AN ALTERNATIVE D-DAY DIARY
My father was an engineer with British Tankers (BP) from 1937 and spent most of the war years at sea around the Middle East, Australia, and India. In 1943 he returned to Britain for a very belated leave and to take his chief engineers exams. He left the UK on May 1st 1944 travelling as a passenger to join a ship at Abadan.
We recently came across his diary for 1944 and below is a verbatim extract for June 6th, D-day, and the next day.
This is followed by an extract from his ‘memoirs’ of life at sea covering this return journey. It covers the period from May 1st to June 12th 1944 and I believe shows an entirely different aspect of wartime life from that normally published.
June 6th 1944
Left Haifa 6.00am.
Taxi to Damascus. Marvellous scenery to Syrian border.
Nairn super de-luxe streamline coach to Baghdad.
Rutba Wells 10.00pm
June 7th 1944
Arrived Baghdad 9.00am
Good journey, good sleep
Staying Sinbad Hotel
Left Baghdad 4.00pm, sleeper ( train for Basra )

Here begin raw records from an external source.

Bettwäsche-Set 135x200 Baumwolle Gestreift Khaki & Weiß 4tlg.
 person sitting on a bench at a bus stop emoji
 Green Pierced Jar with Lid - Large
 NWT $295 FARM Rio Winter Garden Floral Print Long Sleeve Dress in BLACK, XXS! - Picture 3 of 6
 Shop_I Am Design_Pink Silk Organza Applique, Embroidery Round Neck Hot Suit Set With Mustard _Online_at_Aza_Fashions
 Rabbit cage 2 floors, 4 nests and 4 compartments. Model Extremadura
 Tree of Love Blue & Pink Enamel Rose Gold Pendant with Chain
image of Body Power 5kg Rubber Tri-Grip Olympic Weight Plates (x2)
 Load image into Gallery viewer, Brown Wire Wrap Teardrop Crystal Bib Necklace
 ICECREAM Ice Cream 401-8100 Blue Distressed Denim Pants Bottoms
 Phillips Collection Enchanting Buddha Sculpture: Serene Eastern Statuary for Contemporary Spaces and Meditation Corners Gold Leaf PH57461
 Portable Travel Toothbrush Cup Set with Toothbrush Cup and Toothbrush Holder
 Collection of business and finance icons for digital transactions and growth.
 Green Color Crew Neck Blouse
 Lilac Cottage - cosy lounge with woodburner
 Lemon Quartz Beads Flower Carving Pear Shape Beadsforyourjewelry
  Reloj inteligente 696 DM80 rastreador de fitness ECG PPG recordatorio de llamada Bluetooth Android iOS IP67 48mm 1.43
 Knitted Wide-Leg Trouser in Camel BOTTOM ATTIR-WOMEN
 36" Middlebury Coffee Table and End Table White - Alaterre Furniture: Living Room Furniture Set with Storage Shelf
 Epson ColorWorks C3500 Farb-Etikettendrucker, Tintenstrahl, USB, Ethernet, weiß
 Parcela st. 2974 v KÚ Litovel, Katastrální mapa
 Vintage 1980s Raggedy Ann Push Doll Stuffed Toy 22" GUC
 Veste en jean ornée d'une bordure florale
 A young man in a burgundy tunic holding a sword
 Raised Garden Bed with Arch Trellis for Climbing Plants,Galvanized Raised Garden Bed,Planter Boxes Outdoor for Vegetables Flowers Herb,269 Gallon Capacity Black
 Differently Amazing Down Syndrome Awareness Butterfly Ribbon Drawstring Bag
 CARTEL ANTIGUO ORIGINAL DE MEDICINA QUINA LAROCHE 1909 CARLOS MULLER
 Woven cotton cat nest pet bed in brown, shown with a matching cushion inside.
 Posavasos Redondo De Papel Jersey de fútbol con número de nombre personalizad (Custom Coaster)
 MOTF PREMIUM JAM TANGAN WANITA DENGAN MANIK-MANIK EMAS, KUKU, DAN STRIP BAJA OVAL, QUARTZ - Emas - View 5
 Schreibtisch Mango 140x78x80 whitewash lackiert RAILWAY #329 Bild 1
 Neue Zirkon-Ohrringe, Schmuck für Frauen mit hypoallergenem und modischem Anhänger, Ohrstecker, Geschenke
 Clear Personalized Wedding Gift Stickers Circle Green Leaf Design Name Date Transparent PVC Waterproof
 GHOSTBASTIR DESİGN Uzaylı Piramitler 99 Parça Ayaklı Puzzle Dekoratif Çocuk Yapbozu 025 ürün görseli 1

met Army Captain R Proudfoot.
“Passenger to Abadan”
This ship was a pleasure when compared to the previous vessel. (The return to Britain on a troopship). The cabins had four berths for four people and it was so much cleaner and much better organised. I met up with an old colleague from the "British Motorist" who was also going off to Abadan. There was a jolly crowd on board and we had a pleasant and uneventful voyage of two weeks, our travelling companions being mostly Royal Air Force and Queens Auxiliary nurses, plus a few civilians going out to work.
We arrived at Port Said where we disembarked and were appointed to various hotels. Having spent quite a while in Port Said at various times we knew our way about, and the hotel we were appointed to (there were four of us) was in peace time quite a good hotel, but when we examined our room the beds were filthy and so we refused to stay there. The manager was told four times that the beds were filthy, and we had him up into the room, but to no effect. We informed our agent that we would not stay there so he asked if we would mind staying in a private house, run by a Greek lady. We went to have a look at the house and without hesitation booked in. The house was clean, the rooms were spotless, and it was very comfortable and it was situated overlooking the canal. The only snag was that we were not able to have any meals in the house. All our meals would have to be in a restaurant that we used to frequent when we were in Port Said at previous times, called Giannola's, so due to our complaining we had some excellent meals much to the others disgust. We had to wait ten days in Port Said and filled our time by playing snooker at the Italian club, or swimming off the beach. An old friend of mine lent us his beach hut, so we were well away.
The only thing wrong with our stay was that we had no spending money. We were only allowed to leave England with five pounds and the agent could not supply us with any more money as we had not been engaged by the Company on this trip long enough to have earned any. We managed to find a bit extra, but as we did not know where we would be going next we just had to play safe.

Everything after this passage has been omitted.